I like the idea. Designing the fitness function well should be key I guess since at least game balance, strategical depth/complexity, and rule complexity should all be quite important factors for a board game. Good luck with your project!

HGMuller commented 3 years ago

Why would you need to analyze the board position at all? It is the game result that is decisive, right? You cannot expect alpha-beta searches to produce reliable evaluations by anaylzing a position, if they are not extensively tuned for best performance in that variant. Just plugging in some randomized rules will not make it play the variant well. An engine needs more than just the game rules for that (e.g. piece values).

A practical example: the inventor of Gothic Chess has for a long time maintained that Capablanca Chess (a similar 10x8 variant) was flawed because of an unprotected Pawn in the initial position, which led to a forced winning line for white. My Capablanca engine refutes that line, though, by trading his Chancellor for an Archbishop. The assumption was that this would give white a winning advantage, because of a misconception about the Archbishop value. Selfplay of the engine shows that white actually has the advantage in this line, though, because in reality Archbishop and Chancellor are of nearly equal value, and the half-open i-file white gets in the process is more than enough compensation.

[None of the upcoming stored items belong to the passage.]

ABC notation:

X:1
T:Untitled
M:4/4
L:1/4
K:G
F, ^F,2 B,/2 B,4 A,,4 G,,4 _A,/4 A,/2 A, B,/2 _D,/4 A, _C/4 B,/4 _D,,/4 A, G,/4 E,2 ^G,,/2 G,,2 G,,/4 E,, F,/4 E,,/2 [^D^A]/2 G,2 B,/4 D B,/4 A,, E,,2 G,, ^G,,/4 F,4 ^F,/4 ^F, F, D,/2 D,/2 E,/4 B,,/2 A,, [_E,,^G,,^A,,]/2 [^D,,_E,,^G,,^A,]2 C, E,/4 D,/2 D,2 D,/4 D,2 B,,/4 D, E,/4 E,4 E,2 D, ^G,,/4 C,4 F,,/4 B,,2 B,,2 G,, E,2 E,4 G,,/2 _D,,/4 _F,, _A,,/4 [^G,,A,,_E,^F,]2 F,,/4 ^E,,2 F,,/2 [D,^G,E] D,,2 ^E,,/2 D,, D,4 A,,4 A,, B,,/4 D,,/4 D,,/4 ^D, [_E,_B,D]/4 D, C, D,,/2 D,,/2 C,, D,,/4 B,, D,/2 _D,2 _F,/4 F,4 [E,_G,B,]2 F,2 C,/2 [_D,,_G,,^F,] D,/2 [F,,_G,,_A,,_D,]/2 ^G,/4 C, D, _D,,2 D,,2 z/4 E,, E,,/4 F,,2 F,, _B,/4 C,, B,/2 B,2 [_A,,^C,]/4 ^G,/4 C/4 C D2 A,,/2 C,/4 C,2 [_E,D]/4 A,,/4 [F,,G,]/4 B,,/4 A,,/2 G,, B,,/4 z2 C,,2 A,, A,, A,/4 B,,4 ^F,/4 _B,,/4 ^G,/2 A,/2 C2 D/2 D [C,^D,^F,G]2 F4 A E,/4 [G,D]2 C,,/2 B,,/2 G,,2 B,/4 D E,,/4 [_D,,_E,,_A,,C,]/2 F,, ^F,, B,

Another problem I see is that when you make Stockfsh play hundreds of games without an opening book, it would play (nearly) the same game hundreds of times. To do what you want requires some randomization by the engine. Although multi-threading effects cause some randomization, this will in general not be enough to diverge the games rapidly enough. The results are then dominated by errors the engine makes in the comon part. A variant can look totally unbalanced just because the the engine has the tendency to do a strategically flawed move in the initial position, while plenty of sound moves are available. At the very least you would need to do some MCTS for the first few moves of each game to guard against that. (E.g. similar to XBoard's Monte-Carlo book mode.)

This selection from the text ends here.